Notre Motherland, un État policier grandissant

Ils s’appellent Harish Chundunsing, Yash Bhadain, Devarajen Kanaksabee, Rama Valayden, Bruneau Laurette… Ils ont tous, d’une façon ou d’une autre, été inquiétés, intimidés, arrêtés, ou persécutés, par la police durant la semaine écoulée. Les délits qui leur sont reprochés sont divers, allant de « using telecommunication service for the transmission of a false message », à « perverting the course of justice ». Ces hommes n’ont pas forcément les mêmes idéologies ou les mêmes convictions politiques ou autres. Mais ils ont tous eu l’outrecuidance de défendre des causes qui leur sont chères. Et qui vont, bien entendu, à l’encontre des intérêts du gouvernement. D’où la « correction » infligée à ces « troublemakers », pour reprendre le terme dédaigneux employé par le ‘Deputy Prime Minister’ Steven Obeegadoo au Parlement mardi dernier.

La machine de la répression fonctionne désormais à plein régime. L’ICAC et la police, dont la ‘Special Striking Team’ (SST), sont mises outrancièrement à contribution pour faire de Maurice un état policier grandissant. Ces institutions sont non seulement tenues d’agir comme une arme punitive contre les voix critiques, mais elles vont même jusqu’à pousser à bout leurs propres limites pour plaire à leurs maîtres de Lakwizinn. La SST en est la preuve. Se sentant offensé par les propos de Rama Valayden, l’unité d’Ashik Jagaï a porté plainte contre lui avant de procéder elle-même à son arrestation et ensuite l’interroger et le traduire elle-même en cour. La SST enquêtera donc sur une plainte qu’elle a elle-même logée. En d’autres mots, elle est juge et partie à la fois. Ce qui est bien évidemment contraire à la loi. But who cares, la SST fait sa propre loi, avec la bénédiction du pouvoir.

« Les droits fondamentaux au Pakistan, les droits que nous confère notre Constitution et notre démocratie ont été enterrés », a dit l’ancien Premier ministre, Imran Khan, dans une vidéo préenregistrée avant son arrestation survenue au lendemain de la mise en garde de l’armée contre les « allégations sans fondement » qu’il a faites contre elle. « Si ou koz bane kozé ki pa vérifié, la police pou prend actions », a prévenu, chez nous, l’ASP Jagaï. Maurice n’est donc pas mieux que le Pakistan. Ici aussi, les droits fondamentaux, dont la liberté d’expression, sont en train d’être inhumés par un régime dictatorial qui veut instaurer – ou plutôt accentuer – la peur dans le pays, notamment à travers les répressions de l’ICAC et de la police, dont fait partie la SST.

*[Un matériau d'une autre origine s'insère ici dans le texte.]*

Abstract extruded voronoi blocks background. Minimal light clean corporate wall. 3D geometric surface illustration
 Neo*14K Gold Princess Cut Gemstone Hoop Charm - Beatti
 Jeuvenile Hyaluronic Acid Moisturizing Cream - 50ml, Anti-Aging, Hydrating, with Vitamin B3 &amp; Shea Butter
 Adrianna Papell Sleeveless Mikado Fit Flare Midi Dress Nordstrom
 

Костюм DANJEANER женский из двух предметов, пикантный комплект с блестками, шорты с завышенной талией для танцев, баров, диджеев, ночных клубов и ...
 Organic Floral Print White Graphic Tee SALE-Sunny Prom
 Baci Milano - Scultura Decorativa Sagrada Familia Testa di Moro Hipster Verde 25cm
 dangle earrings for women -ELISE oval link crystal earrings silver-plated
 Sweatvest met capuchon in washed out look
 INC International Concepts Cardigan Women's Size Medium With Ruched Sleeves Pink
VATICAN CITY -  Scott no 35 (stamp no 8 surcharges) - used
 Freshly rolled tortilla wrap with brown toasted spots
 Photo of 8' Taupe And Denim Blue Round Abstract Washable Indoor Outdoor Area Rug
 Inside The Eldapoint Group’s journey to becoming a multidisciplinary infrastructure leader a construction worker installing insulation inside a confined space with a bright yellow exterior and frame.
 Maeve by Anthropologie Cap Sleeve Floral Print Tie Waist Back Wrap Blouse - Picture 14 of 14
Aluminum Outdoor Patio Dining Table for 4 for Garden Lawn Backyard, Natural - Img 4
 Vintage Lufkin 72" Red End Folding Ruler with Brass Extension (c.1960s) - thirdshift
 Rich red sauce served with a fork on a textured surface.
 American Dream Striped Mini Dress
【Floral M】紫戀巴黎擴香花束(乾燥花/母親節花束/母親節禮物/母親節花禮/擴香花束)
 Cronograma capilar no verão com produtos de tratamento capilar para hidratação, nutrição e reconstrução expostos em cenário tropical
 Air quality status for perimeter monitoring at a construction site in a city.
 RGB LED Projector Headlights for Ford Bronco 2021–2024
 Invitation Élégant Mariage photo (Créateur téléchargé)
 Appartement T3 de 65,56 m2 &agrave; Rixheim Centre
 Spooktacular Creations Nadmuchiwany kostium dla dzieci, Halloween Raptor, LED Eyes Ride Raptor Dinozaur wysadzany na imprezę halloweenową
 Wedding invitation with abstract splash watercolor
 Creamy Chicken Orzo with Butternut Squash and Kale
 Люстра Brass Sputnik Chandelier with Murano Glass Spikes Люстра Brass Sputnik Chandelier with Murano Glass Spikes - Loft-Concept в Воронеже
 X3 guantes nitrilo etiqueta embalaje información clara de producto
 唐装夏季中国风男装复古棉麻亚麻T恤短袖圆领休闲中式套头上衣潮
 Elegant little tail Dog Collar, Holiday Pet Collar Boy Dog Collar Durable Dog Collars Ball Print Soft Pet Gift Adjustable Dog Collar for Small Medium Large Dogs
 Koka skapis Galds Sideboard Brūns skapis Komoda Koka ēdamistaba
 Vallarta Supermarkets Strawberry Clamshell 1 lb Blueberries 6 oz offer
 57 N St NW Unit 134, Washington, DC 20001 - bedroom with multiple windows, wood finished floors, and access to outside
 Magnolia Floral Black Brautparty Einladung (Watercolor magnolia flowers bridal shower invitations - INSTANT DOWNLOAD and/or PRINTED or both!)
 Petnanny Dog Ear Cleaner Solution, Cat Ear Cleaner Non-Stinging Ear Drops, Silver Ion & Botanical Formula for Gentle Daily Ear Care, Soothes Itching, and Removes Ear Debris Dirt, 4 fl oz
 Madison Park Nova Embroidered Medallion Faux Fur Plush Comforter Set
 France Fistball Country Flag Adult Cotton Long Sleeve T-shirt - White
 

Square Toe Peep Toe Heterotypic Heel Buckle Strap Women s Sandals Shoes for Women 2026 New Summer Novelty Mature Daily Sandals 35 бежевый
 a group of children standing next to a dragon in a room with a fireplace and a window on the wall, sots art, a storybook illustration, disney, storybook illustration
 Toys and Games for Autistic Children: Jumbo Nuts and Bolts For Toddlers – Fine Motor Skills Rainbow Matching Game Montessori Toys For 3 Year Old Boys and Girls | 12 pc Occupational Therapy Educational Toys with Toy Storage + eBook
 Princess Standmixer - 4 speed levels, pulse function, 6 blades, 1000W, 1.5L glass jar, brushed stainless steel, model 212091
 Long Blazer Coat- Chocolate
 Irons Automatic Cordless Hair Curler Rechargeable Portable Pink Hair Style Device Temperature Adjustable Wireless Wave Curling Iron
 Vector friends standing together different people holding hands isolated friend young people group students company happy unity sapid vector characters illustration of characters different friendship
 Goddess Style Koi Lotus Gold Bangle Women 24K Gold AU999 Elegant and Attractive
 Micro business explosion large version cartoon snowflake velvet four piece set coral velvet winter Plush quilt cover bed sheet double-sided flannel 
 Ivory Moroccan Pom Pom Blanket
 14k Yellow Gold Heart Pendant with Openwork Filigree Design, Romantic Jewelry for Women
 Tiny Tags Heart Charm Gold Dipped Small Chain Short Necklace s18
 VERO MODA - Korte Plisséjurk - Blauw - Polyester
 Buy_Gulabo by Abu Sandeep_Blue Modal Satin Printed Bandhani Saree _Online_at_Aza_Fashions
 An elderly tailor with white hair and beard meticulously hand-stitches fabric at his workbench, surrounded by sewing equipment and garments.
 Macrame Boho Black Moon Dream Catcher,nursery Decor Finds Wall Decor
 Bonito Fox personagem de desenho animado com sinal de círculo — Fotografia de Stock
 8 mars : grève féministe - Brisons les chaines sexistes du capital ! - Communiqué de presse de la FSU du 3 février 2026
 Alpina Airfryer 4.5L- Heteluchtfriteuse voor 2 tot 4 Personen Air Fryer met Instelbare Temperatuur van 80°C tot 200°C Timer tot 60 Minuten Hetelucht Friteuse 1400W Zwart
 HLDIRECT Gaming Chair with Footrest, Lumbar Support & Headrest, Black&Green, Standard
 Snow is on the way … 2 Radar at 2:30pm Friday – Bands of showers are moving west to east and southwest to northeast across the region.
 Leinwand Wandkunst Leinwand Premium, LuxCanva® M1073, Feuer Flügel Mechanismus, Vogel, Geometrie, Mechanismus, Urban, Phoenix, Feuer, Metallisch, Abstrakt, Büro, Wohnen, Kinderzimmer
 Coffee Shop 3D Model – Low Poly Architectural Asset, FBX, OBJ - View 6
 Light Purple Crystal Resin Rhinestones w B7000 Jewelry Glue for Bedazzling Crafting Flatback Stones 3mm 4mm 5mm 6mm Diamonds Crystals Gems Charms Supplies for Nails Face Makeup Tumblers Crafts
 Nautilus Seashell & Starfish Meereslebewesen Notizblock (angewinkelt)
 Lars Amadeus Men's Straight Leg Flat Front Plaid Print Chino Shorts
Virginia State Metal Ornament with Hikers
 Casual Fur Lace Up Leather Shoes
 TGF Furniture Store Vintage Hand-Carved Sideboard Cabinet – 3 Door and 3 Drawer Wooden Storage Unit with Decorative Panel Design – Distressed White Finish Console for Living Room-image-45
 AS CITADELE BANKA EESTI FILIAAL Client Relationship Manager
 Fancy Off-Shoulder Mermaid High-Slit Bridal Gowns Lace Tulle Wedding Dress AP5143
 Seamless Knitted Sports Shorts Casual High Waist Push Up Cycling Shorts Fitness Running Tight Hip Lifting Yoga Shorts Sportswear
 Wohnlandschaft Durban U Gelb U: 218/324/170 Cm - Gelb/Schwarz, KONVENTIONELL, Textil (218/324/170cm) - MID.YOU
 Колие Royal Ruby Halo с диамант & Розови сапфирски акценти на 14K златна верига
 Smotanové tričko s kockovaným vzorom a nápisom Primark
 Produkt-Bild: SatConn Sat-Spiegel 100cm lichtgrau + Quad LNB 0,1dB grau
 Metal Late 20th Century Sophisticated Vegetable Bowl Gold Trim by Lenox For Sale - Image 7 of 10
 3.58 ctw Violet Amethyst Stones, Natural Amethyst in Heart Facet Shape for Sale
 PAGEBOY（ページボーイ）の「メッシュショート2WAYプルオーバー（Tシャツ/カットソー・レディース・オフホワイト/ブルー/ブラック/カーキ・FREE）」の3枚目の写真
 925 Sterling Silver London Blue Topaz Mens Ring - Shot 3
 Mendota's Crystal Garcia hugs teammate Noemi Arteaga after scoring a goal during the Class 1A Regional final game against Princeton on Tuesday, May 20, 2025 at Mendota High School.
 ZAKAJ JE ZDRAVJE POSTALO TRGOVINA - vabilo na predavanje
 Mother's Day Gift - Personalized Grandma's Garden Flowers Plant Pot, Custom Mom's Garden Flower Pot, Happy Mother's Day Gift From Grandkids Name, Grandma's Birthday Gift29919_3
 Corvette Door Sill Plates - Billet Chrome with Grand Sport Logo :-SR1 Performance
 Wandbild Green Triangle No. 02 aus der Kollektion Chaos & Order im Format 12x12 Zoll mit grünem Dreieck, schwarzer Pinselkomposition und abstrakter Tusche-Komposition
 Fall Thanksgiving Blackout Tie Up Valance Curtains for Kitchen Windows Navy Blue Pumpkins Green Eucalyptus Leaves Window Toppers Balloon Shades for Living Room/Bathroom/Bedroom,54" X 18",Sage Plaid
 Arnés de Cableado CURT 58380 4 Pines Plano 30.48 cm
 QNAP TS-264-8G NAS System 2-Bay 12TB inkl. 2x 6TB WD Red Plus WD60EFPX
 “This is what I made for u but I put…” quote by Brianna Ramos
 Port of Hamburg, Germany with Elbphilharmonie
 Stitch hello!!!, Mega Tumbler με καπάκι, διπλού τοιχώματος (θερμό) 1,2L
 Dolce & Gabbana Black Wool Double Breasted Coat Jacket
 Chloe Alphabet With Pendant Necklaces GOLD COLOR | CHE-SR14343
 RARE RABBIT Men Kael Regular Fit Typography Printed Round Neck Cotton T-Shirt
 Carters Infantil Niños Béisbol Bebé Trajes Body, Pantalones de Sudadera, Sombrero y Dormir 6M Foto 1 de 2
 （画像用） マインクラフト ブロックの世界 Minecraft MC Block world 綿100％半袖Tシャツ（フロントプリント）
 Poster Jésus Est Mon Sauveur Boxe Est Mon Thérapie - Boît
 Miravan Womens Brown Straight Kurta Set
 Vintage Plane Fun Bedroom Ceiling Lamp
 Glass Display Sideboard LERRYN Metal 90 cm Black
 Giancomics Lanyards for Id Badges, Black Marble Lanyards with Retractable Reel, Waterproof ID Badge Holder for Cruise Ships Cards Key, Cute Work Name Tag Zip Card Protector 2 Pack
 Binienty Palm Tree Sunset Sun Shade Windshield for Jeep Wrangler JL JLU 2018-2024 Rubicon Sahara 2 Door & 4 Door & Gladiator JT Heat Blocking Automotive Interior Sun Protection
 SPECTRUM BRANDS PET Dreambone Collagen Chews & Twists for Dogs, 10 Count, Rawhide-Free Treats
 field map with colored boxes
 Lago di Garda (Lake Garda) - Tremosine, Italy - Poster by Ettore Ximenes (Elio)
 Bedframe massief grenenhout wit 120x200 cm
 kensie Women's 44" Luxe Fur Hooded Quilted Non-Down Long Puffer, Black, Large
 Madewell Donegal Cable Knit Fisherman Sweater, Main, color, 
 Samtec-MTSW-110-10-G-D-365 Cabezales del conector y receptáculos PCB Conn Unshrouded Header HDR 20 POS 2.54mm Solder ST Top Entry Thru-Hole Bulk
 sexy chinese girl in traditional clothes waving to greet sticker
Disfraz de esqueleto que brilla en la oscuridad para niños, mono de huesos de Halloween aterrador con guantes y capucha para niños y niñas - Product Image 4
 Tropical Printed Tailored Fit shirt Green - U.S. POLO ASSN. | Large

La loi est, elle, sciemment ignorée ou pervertie pour servir les intérêts du régime, pour punir, mais aussi pour accommoder et protéger les proches comme Yogida Sawmynaden, Maneesh Gobin, Rajanah Dhaliah, Vishal Shibchurn, dont le dossier a bizarrement disparu au poste de police de Rose-Belle, Chandra Prakashsing Dip, qui avait précédemment bénéficié de la grâce présidentielle avant que le DPP ne revienne à la charge avec 225 charges contre lui, et Franklin, qui a jusqu’ici été épargné d’une enquête policière pour trafic de drogue. Dans le cas du ‘stag party’ allégué sur le ranch à proximité de Grand-Bassin, Pravind Jugnauth est allé jusqu’à distort the truth en tentant de défendre son Attorney General et ministre de l’Agro-industrie et en envoyant le blâme sur la presse « ki colporte n’importe quoi ». Comme s’il n’y a jamais eu d’accusations formelles faites à l’ICAC contre Gobin.

À l’opposé du Pakistan où des manifestants ont pris d’assaut les rues à la suite de l’arrestation d’Imran Khan, à Maurice, la dictature et les dérives sont toujours tolérées, malgré le déluge de critiques notés sur les réseaux sociaux. Ce qui mènera inévitablement à une intensification des actions répressives contre les antagonistes du gouvernement, surtout à l’approche des échéances électorales. Ainsi, ce dont nous sommes témoins ces jours-ci n’est probablement que le tip of the iceberg. Vous êtes prévenus.